Responses to the New Law Inside and Outside of Québec

Responses to the new law have been complex and even sometimes confusing. The most positive was a series of actions by individuals and small groups in solidarity with the women targeted by the new law. People went to bus stops or subway stations wearing anything that could cover their faces. One bus driver was bold enough to do it while working.

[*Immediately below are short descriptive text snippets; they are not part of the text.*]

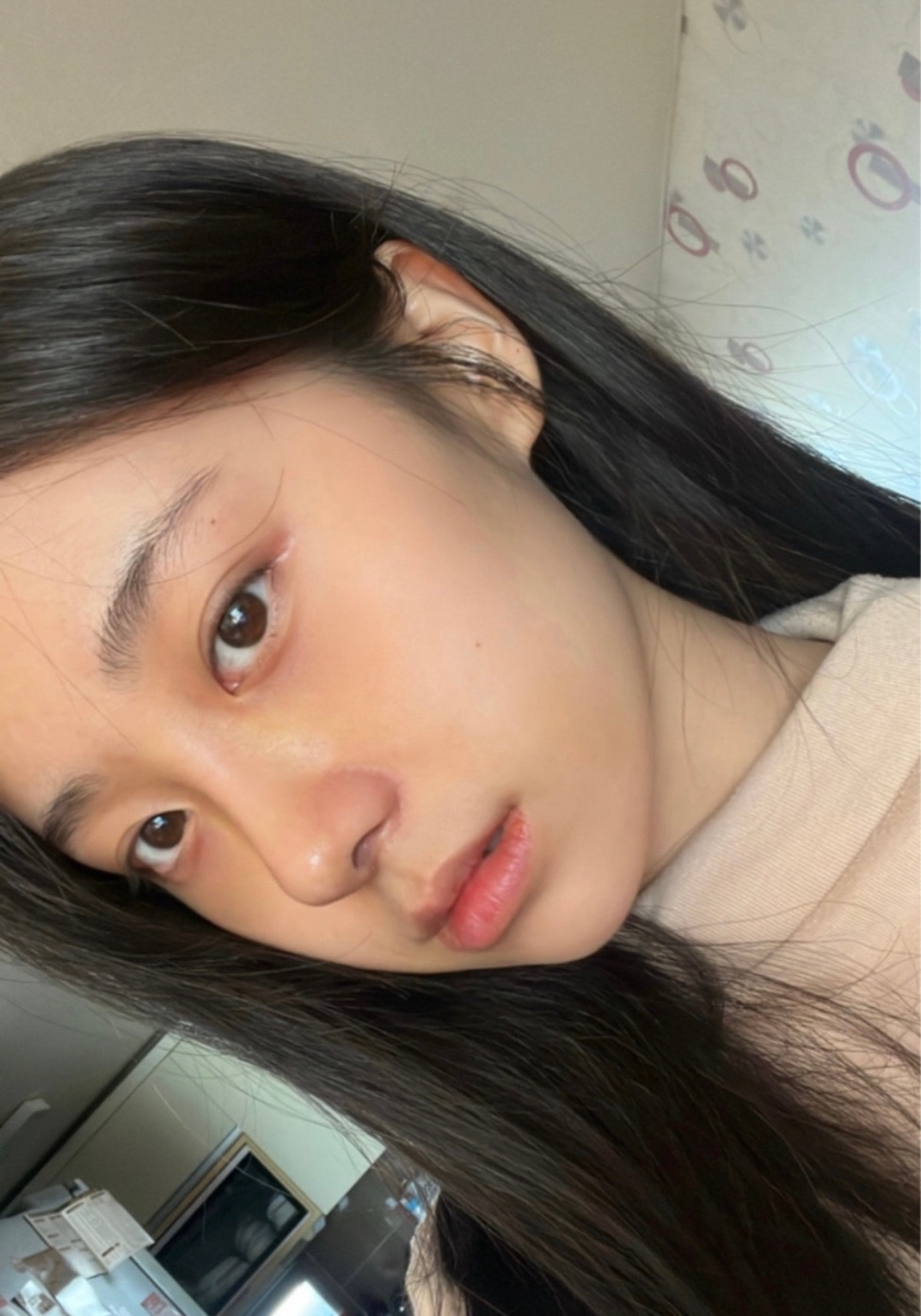 수술후기이미지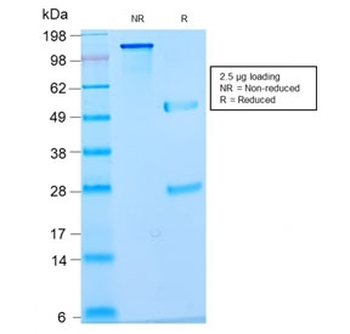 Nuclear Antigen Antibody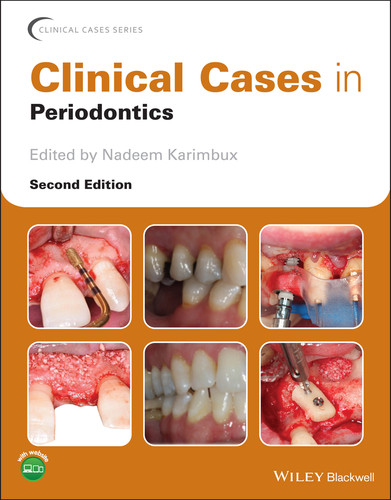 Clinical Cases in Periodontics (Clinical Cases (Dentistry)) book cover by 
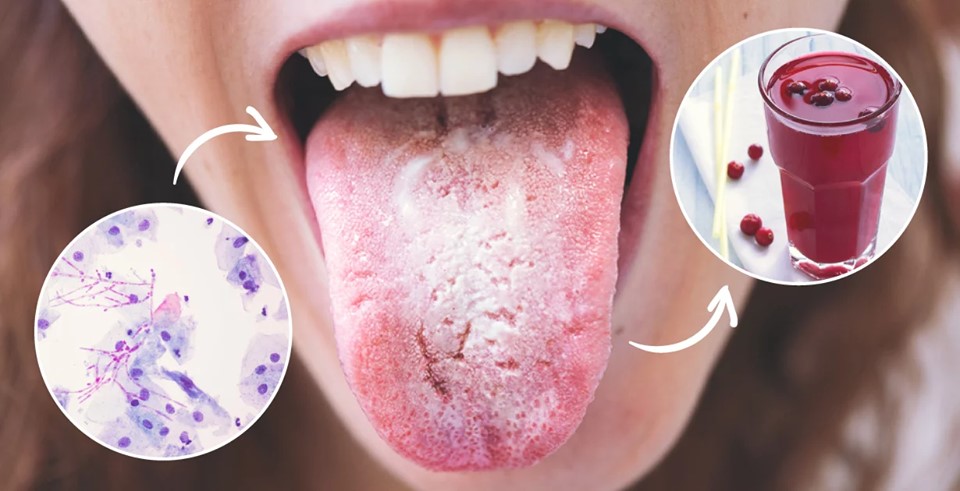 65085752_2770456289696504_6248038905749176320_n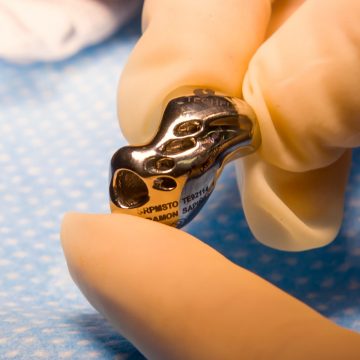 Fita a La Ribera | Imatges del primer implant d’una pròtesi 3D a Espanya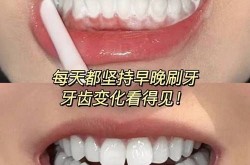 谁做过牙齿美白？效果明显吗？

When it comes to broader public opinion, polls have shown that about two-thirds of Canadians outside of Québec would approve if a similar law was passed in their province or at the federal level. Support in Québec itself was measured at 87 percent. The main factor determining this difference is probably the alignment of political parties and the media.

In Québec, all four parties in the National Assembly have stated at one point or another that they approve of the basic principle of demanding that people show their faces when providing or receiving public services. The opposition from Québec Solidaire has been focused, as I mentioned, on aspects of the implementation of such a principle for users of specific services like health care or public transit. The same goes for the mass media, where most opinion pieces were supportive of the law and many advocated a more restrictive legislation, as the PQ and CAQ are proposing.

In English Canada, there is a clash between the majority of public opinion and the political and media establishment. Only the Conservative party has argued for this type of legislation, notably during the 2015 federal election, which they lost. The Liberals and NDP have argued strongly against Bill 62. So did most editorialists in major English language newspapers. The main debate among those opposed to the law has been about whether the federal government should actively challenge it in court or just wait for a legal challenge to emerge from civil society within Québec.

I would argue that the position of the new NDP leader, Jagmeet Singh, is the right one: to squarely oppose the law but leave it to Québec society to figure out. The direct involvement of the federal government would probably make things worse politically by fueling the notion, already hammered on by conservative nationalists, that the defense of individual rights is a strategy on the part of the Canadian state to undermine Québec collective self-determination and identity and impose the multicultural model. It is from Québec’s own defenders of human rights and progressive forces that the oppostion to the law should be organized.

Last but not least, the most spectacular event coming after the passing of the Bill was the press conference given by the person in charge of the issue, Justice Minister Stéphanie Valée, with the stated goal of clarifying how the Law would be implemented. In a series of interventions reminecsent of a Monthy Python skit, she explained that if a woman wearing a niqab wanted to take the bus, she would only have to remove her veil for the bus driver if her bus pass has a picture. Then she would put it back on and proceed with her travel. But if she paid with tickets, cash, or a transit pass with no picture, she should just get on the bus as usual.

She also pointed out that the law includes no specific sanctions and that there will be no face covering police. Overall, she basically argued that removing the veil would only be required when identification of the person is mandatory. Which was already the case in many situations before the law was passed. So why all that political drama? The only rational explanation is that the Liberals wanted to be seen as doing something to respond to ordinary Islamophobia as it has been expressed in public discourse since 2007. But what they did with that Law is fuel the irrational fear of Muslims by implying that these few women are a threat to our institutions and our society. Shame on them.

Benoit Renaud is a member of Québec Solidaire. This is an expanded version of an earlier article that appeared at socialistworker.org.